The treatment with ammonia also brings about the conversion in the dye association the carboxylic acid ester group into the carboxamide group, recognizable by the essential bluish shade of the chromed dye on wool compared to a analogous coloring of the starting material.

The ammonia treated dye of this example is identical with the product described in detail in Example 6.

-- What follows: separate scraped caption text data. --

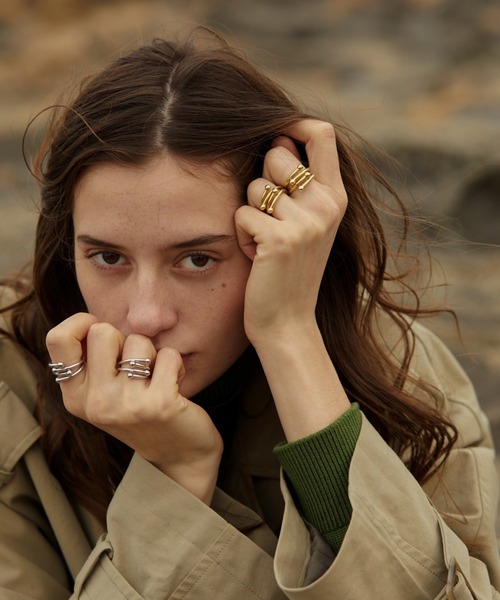 soerte(ソエルテ)の「Brass cross ring/真鍮クロスリング(リング・メンズ・シルバー/ゴールド・#19/#15)」の13枚目の写真
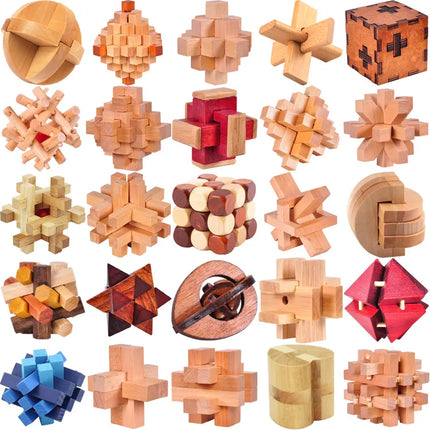 Challenging Classic Wooden Puzzle
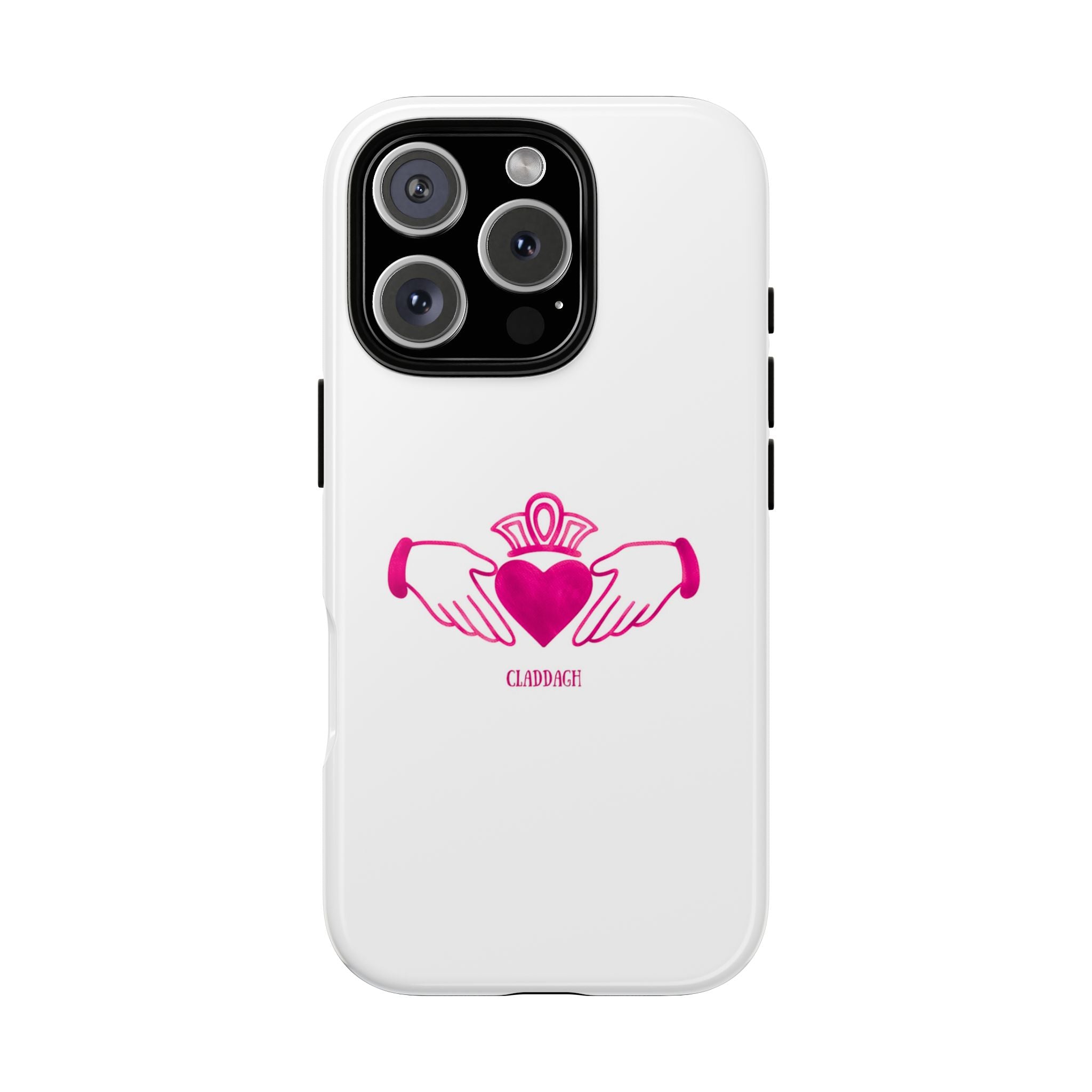 Pink Irish Claddagh Symbol Tough Phone Case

Very similar dyes are obtained by using the coupling product of 6-nitro-2 = amino-.4-tert-amyl-i-oxybenzene and i- (4'-chlorophenyl) -5-pyrazolon-3 -carboxylic acid ethyl ester-5'-sulfonic acid amide instead of ammonia with about 25o / aigen Treated aqueous solutions of methyl, ethyl or oxethylamine. You get so Dyes, which instead of the carboxylic acid ester group, the carboxylic acid methylamide, -äthylamid- or -oxäthylamidgruppe carry.

Claims (3)

PATENT CLAIMS: i. Process for the preparation of chromable monoazo dyes, characterized in that dianotated 6-nitro-.f-alkyl- or -4-cycloalkyl-2-amino-i-oxybenzenes, which in the d.-position are an aliphatic or alicyclic hydrocarbon radical from q to Have 8 carbon atoms, with i- (3'-sulfonic acid amido-phenyl- or -, # - or -6'-chlorophenyl) -5-pyrazolone-3-carboxylic acid esters or i- (3'-sulfonic acid amido-phenyl- or . -q .'- or -6'-chlorophenyl) -5-pyrazolone-3-carboxamides, in which the amide groups on the nitrogen atom can be substituted by a low molecular weight alkyl or oxalkyl group, and optionally the 3-carboxylic acid ester group by the action of Ammonia or low molecular weight primary aliphatic amines are converted into the 3-carboxamide group, so that dyes of the general formula arise, wherein R is a straight or branched aliphatic or alicyclic hydrocarbon radical from 4 to i; Carbon atoms and R 'and R "are hydrogen or a low molecular weight alkyl or oxalkyl radical, one of which X is chlorine or hydrogen and the other X is hydrogen. 2. The method according to claim i, characterized in that that G-nitro-4-tert-amyl-2-amino-i-oxybenzene is used as the diazo component. 3. Process according to Claims i and 2, characterized in that the azo component i - (3'-sulfonic acid amidophenyl) - 5 - pyrazolone-3-carboxylic acid ethyl ester or -3-carboxylic acid amide used and in the first case after the coupling is complete, the 3-carboxylic acid ethyl ester group is converted into the 3-carboxamide group by the action of ammonia.